It occurred to us recently that we've been remiss in adopting, without sufficient thought, certain out-of-date but widely-used terms to describe the shifting media world arrayed before us.
Mainstream News Media, a.k.a. MSM: Usually used by blogosphere zealots on the right and the left as a disparaging reference to a handful of large and supposedly influential newspapers, magazines and TV networks. (And, oddly, enough, a term adopted by those it is meant to describe -- who are fooling themselves, as we shall shortly show.)
But in an age when overall newspaper circulation has been inexorably leaking away year after year for more than 20 years now; when the major network news operations draw barely 50 percent of the nightly audience they once had; and when general interest magazines have been elbowed aside by niche publications, the tag "mainstream" to describe a bunch of bewildered guys 'n dolls who find themselves slipping daily down the razor blade of life seems not just quaint, but missing the point entirely.
We prefer the more accurate term Corporate Media, or CM, since paradoxically many of these floundering outfits are owned by monster corporations whose senior executives must wonder, as they stare at the ceiling at 3 o'clock in the morning, "What was I thinking?" (See Consolidation, Media.)
So is the very term MSM -- meant to describe dinosaurs -- a dinosaur itself?
Not at all. In a nation in which political and cultural conservatives occupy the White House, both houses of Congress, the Supreme Court and most statehouses, MSM strikes us as a dead-on description of a more recent phenomenon: The avidly partisan right-wing press, represented in the swelling blogosphere, the small-magazine world, radio networks such as Sinclair Broadcasting and Clear Channel, newspapers such as the Washington Times and the New York Post and, perhaps most importantly, any number of cable television outlets.
So here's our new glossary:
Corporate Media: The New York Times, Washington Post, Wall Street Journal, Los Angeles Times, ABC, NBC, MSNBC, CNBC, CBS, CNN, Fox News Network, and any other entity owned by Dow Jones, Gannett, Scripps-Howard, Newhouse, Tribune Co., Cox Newspapers, News Corp., Knight-Ridder, Hearst, Conde Nast, Time Warner, General Electric, Viacom, Disney, Sinclair Broadcasting and Clear Channel. (Apologies, bigtime CEOs, if we left anyone out.)
MSM: See above. The newly triumphant, and most of them quite giddy about it at that.
Loyal Opposition: Any newspaper, blog, website, small magazine or other news/opinion outlet that tries to make its way in that increasingly embattled spectrum that ranges from slightly-to-the-right-of-center to way-left-of-center.

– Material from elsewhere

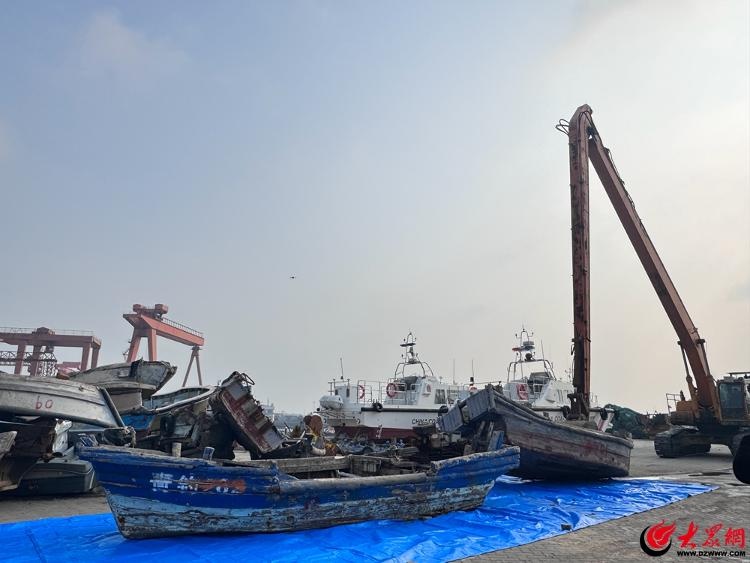 震撼！192艘涉渔三无船舶在青岛西海岸被集中拆解，背后真相令人  第3张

Obviously, there's some overlap. Fox News, for example, is both Corporate Media and the MSM -- the most potent blend of all. The Washington Post, by contrast, is both a Corporate Medium and the Loyal Opposition, a far less formidable combination.
But for the most part, the categories hold up. So we'll try to break old habits, and remain true to the glossary. Let us know when we don't.